*** Data for review Section Begins ***

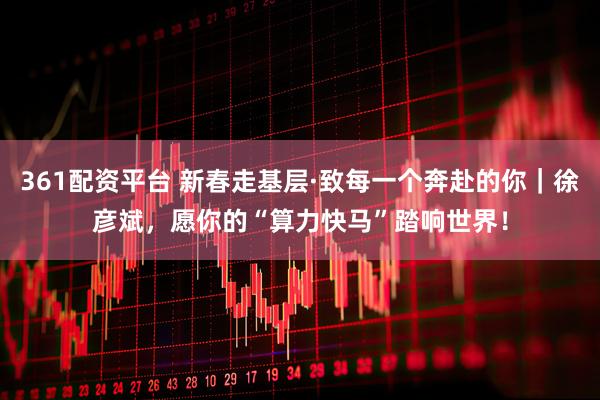 361配资平台 新春走基层·致每一个奔赴的你｜徐彦斌，愿你的“算力快马”踏响世界！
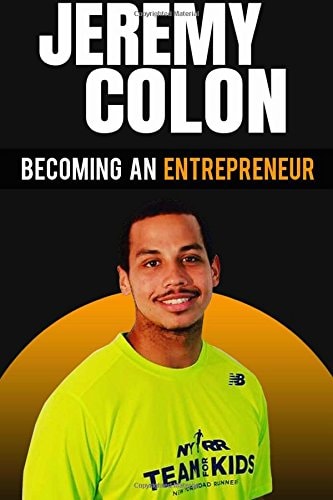 Becoming An Entrepreneur Jeremy Colon
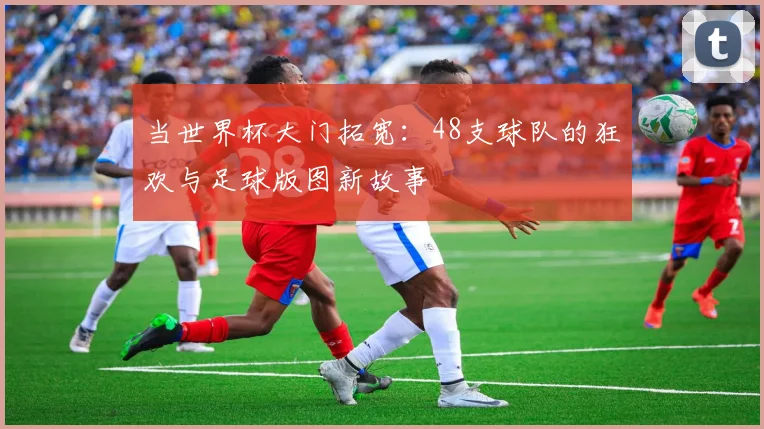 当世界杯大门拓宽：48支球队的狂欢与足球版图新故事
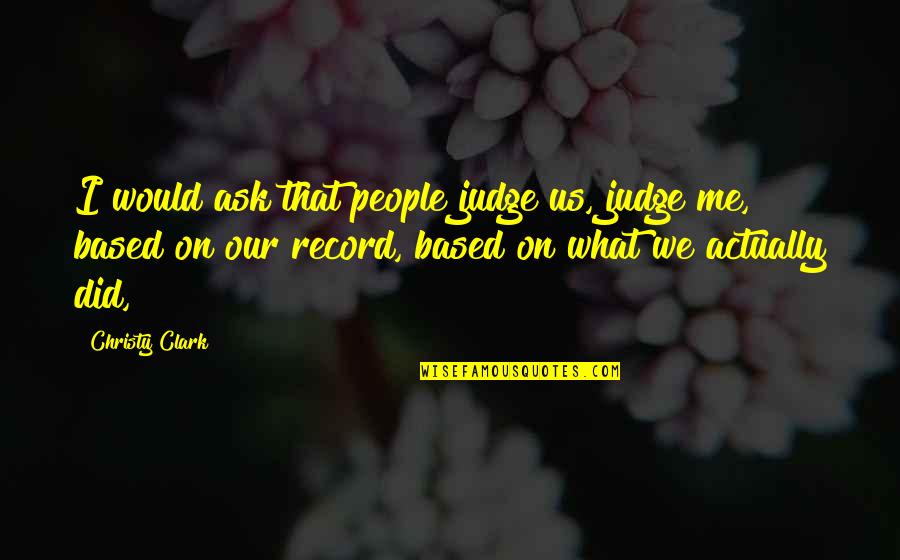 Not Judging Me Quotes By Christy Clark: I would ask that people judge us, judge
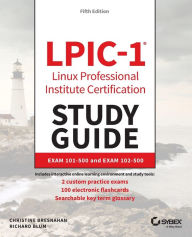Title: LPIC-1 Linux Professional Institute Certification Study Guide: Exam 101-500 and Exam 102-500, Author: Christine Bresnahan
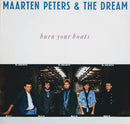 Maarten Peters & The Dream - Burn Your Boats (LP Tweedehands) - Discords.nl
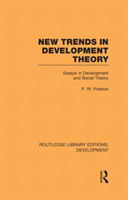 New Trends in Development Theory Essays in Development and Social Theory
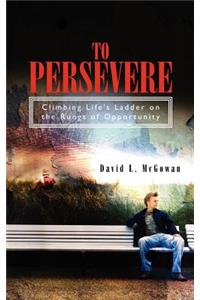 To Persevere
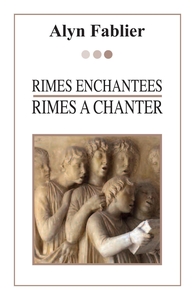 RIMES ENCHANTEES, RIMES A CHANTER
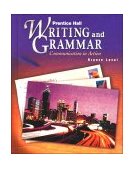 Writing and Grammar, Grade 9 : Communication in Action  9780134369631 Front Cover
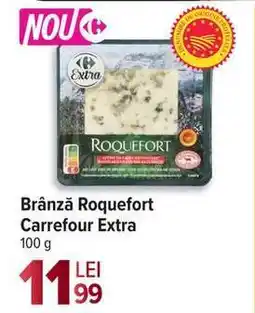 Carrefour Brânză Roquefort Carrefour Extra Ofertă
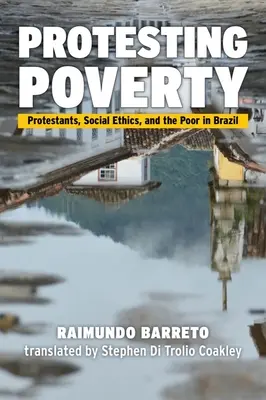 Protestare la povertà: I protestanti, l'etica sociale e i poveri in Brasile - Protesting Poverty: Protestants, Social Ethics, and the Poor in Brazil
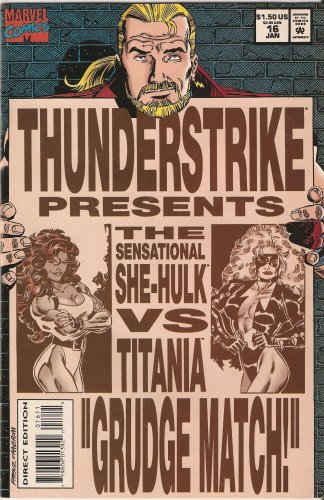 Thunderstrike Presents the Sensational She-Hulk Vs Titania, No. 16 (Marvel Comics)
Thunderstrike Presents the Sensational She-Hulk Vs Titania, No. 16 (Marvel Comics)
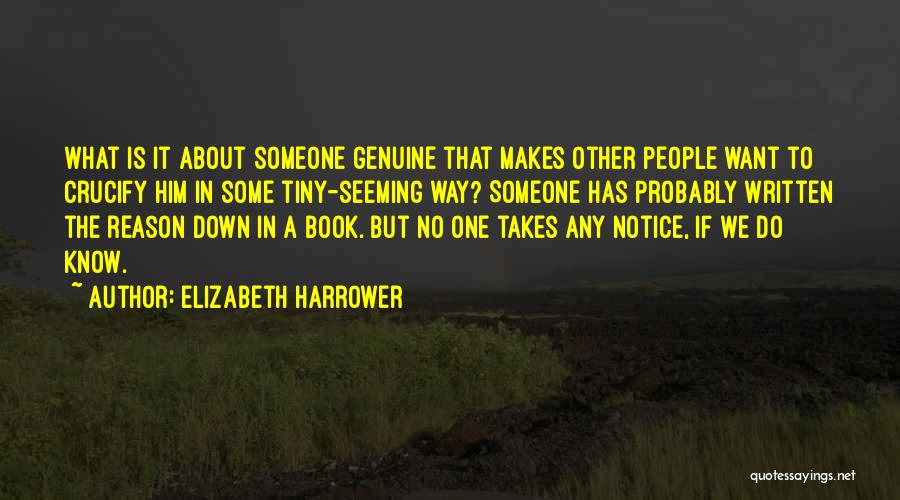 Takes One To Know One Quotes By Elizabeth Harrower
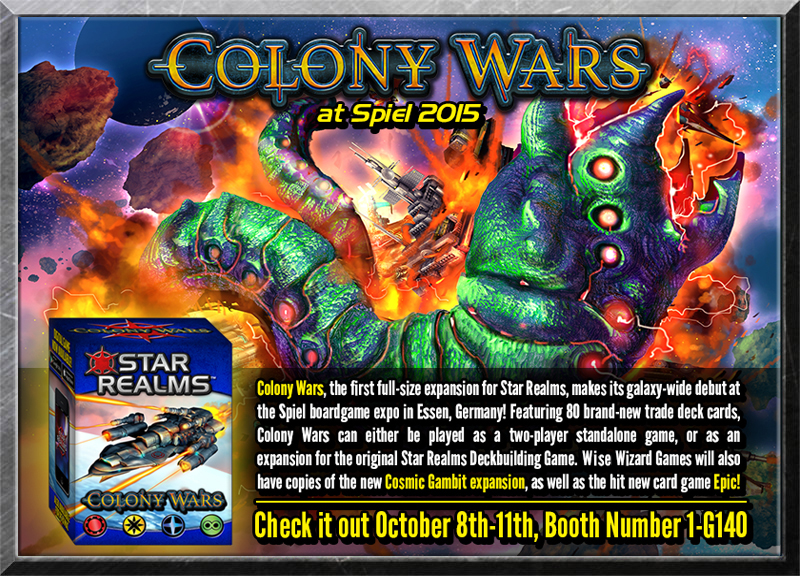 Star Realms Colony Wars makes its galactic debut at Essen Spiel next week!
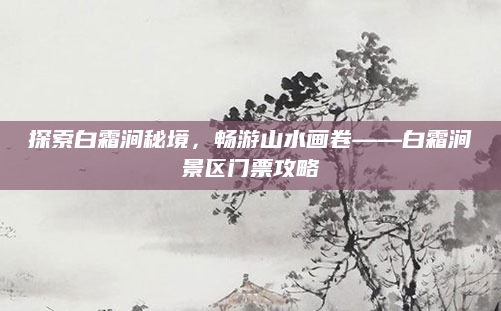 探索白霜涧秘境，畅游山水画卷——白霜涧景区门票攻略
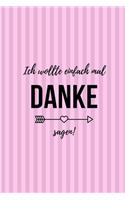 Ich Wollte Einfach Mal Danke Sagen!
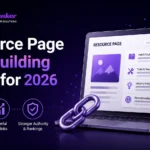 Resource page link building guide for 2026 showing backlinks, SEO authority, and resource pages on a laptop with ReachBranker branding.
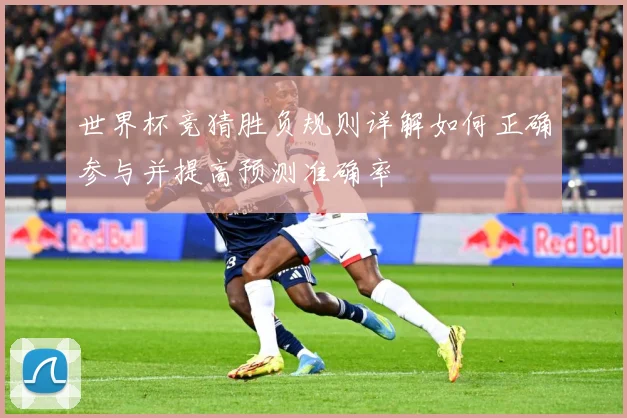 世界杯竞猜胜负规则详解如何正确参与并提高预测准确率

*** Data for review Section Ends ***

== Work item ==
Transcribe each line above verbatim, with the pictures left out.

== Task answer ==
 361配资平台 新春走基层·致每一个奔赴的你｜徐彦斌，愿你的“算力快马”踏响世界！
 Becoming An Entrepreneur Jeremy Colon
 当世界杯大门拓宽：48支球队的狂欢与足球版图新故事
 Not Judging Me Quotes By Christy Clark: I would ask that people judge us, judge
Title: LPIC-1 Linux Professional Institute Certification Study Guide: Exam 101-500 and Exam 102-500, Author: Christine Bresnahan
 Maarten Peters & The Dream - Burn Your Boats (LP Tweedehands) - Discords.nl
 New Trends in Development Theory Essays in Development and Social Theory
 To Persevere
 RIMES ENCHANTEES, RIMES A CHANTER
 Writing and Grammar, Grade 9 : Communication in Action  9780134369631 Front Cover
 Carrefour Brânză Roquefort Carrefour Extra Ofertă
 Protestare la povertà: I protestanti, l'etica sociale e i poveri in Brasile - Protesting Poverty: Protestants, Social Ethics, and the Poor in Brazil
 Thunderstrike Presents the Sensational She-Hulk Vs Titania, No. 16 (Marvel Comics)
Thunderstrike Presents the Sensational She-Hulk Vs Titania, No. 16 (Marvel Comics)
 Takes One To Know One Quotes By Elizabeth Harrower
 Star Realms Colony Wars makes its galactic debut at Essen Spiel next week!
 探索白霜涧秘境，畅游山水画卷——白霜涧景区门票攻略
 Ich Wollte Einfach Mal Danke Sagen!
 Resource page link building guide for 2026 showing backlinks, SEO authority, and resource pages on a laptop with ReachBranker branding.
 世界杯竞猜胜负规则详解如何正确参与并提高预测准确率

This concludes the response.